(DATA FOR REVIEW begins)
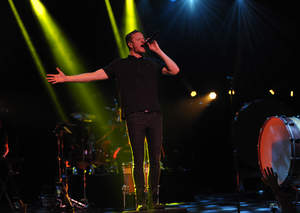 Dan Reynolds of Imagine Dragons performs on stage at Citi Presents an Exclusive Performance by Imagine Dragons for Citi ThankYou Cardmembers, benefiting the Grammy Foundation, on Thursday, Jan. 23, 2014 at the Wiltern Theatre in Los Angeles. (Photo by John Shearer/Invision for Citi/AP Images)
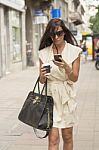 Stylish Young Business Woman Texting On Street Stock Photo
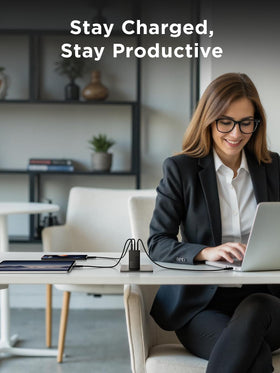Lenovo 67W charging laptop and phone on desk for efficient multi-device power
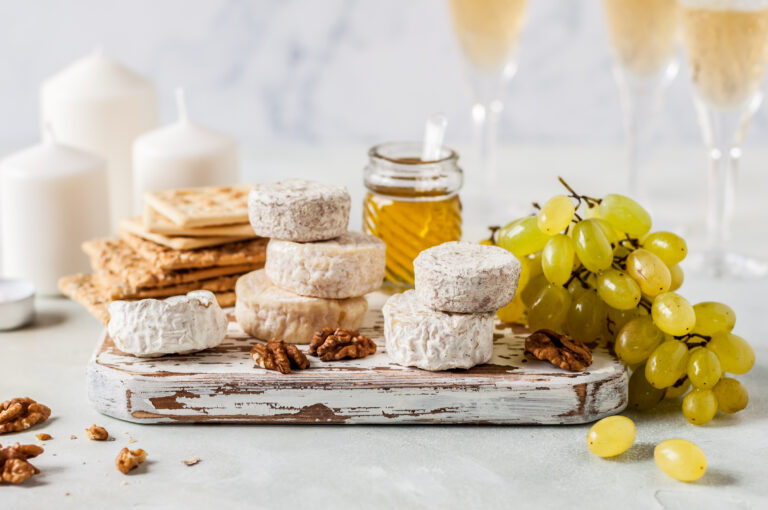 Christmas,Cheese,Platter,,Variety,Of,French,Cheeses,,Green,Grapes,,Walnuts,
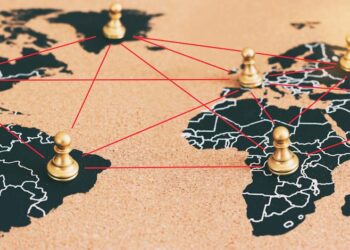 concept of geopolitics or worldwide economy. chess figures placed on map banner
(DATA FOR REVIEW ends)
§ **PROBLEM DETAILS**
Reproduce the material word for word. Any pictures should be left out of the copy.

§ **TASK RESULT**
 Dan Reynolds of Imagine Dragons performs on stage at Citi Presents an Exclusive Performance by Imagine Dragons for Citi ThankYou Cardmembers, benefiting the Grammy Foundation, on Thursday, Jan. 23, 2014 at the Wiltern Theatre in Los Angeles. (Photo by John Shearer/Invision for Citi/AP Images)
 Stylish Young Business Woman Texting On Street Stock Photo
Lenovo 67W charging laptop and phone on desk for efficient multi-device power
 Christmas,Cheese,Platter,,Variety,Of,French,Cheeses,,Green,Grapes,,Walnuts,
 concept of geopolitics or worldwide economy. chess figures placed on map banner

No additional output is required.